The way knowledge works as control is twofold. First, it improves Alice's understanding of what can really be expected from Bob, i.e. how large the gap is between her estimate of his behaviour and his actual behaviour. Such knowledge can be used to estimate his future expected behaviour. This way of using knowledge does not affect Bob - it only works to improve what Alice knows However, if Bob knows that Alice (or others) are collecting information about him, the act of information-gathering becomes the instrument to control Bob's behaviour.

If he is concerned about his reputation, he will try to live up to it. Even though it may not change his trustworthiness, it may affect his trustworthy behaviour. Regardless whether Bob is influenced by information-gathering process or not, Alice is better off with her knowledge. In the worst case she can use the more accurate estimate of his trustworthy behaviour, in the best case, Bob will correct himself to support her.
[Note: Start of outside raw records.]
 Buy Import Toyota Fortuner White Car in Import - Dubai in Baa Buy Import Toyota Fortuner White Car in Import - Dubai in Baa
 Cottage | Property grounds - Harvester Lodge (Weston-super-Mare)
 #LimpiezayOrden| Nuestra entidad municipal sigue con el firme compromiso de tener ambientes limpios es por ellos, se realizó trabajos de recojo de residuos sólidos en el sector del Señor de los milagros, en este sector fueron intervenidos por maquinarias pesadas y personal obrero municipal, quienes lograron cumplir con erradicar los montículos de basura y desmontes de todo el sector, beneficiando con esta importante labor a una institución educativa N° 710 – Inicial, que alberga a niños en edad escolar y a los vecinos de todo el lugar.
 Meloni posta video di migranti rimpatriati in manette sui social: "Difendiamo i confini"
Influence. Alice may try to influence Bob on or before the transaction so that his behaviour alters. Alice is supposed to apply certain power, either directly or indirectly to force Bob to perform the desired action. It does not have to be a physical force - if Bob positively respond to persuasion or to changes in his environment, then he can be directed towards the expected behaviour. Sometimes the withholding of power can act as an influencing factor. Alice indeed has a wide palette of tools to choose from.

This instrument works in two slightly different ways. First, Bob may be willing to alter his behaviour due to the expectation (threat) of an influence. Even though an instrument of influence itself stays outside of the transaction (i.e. it does not contribute to what Alice considers a success - it is still Bob that she is after), Alice must include such an instrument in her horizon and must make sure that it is real and that Bob is aware of it.
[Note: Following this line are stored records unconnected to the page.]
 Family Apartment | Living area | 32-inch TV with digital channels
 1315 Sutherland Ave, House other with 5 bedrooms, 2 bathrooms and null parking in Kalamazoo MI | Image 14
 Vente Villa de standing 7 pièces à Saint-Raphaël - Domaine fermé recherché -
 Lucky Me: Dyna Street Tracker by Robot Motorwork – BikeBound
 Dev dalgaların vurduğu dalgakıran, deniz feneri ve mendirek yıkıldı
Alternatively, Alice may include an instrument in the transaction, so that an instrument can actively force Bob within a transaction. While re-defining the transaction (from 'you and me' to 'you, me and my guard'), Alice also re-defines her perception of a success: she should be satisfied not only in Bob helping her but in seeing Bob forced to help her.
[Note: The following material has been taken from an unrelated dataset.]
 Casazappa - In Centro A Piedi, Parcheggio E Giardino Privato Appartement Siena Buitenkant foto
Assurance. Assurance works with the future the way knowledge works with the past. It works because Bob is concerned about what will happen to him after the transaction. Note that such consideration is not present in trust, as trust does not cater for (nor expect) the negative outcome - that's why the breach of trust is always psychologically painful.

In case of assurance, Alice is relying on control instruments to shape the way Bob thinks about his future. She is using the instrument that can apply future reward or punishment, depending whether Bob has supported her or not. The most typical example can be the use of a legal system to enforce the contract. Here, Bob will be forced to behave in a particular way even if he does not want to, under the threat of being charged, sentenced or maybe even jailed. Another, more positive example is the corporate bonus plan: by behaving according to expectations of the management, an employee will be financially rewarded.

The assurance system works in two different ways. First, if Bob is aware of it, then it alters the way Bob behaves. In this sense, the assurance instrument remains beyond the scope of the transaction, even though Bob's behaviour is guided by expected reward or punishment. It is the expectation of the punishment that Alice is counting on, not the punishment itself.

Another way of looking at assurance is to include the instrument within the scope of the transaction as an alternative to Bob. If Carol represents the legal system and she is included in the scope, then the transaction is no longer the two-party one between Alice and Bob, but there are three parties involved. The perception of success also changes: Alice is satisfied not only if Bob helps her, but also if she can sue him for not helping her (and potentially receive some compensation).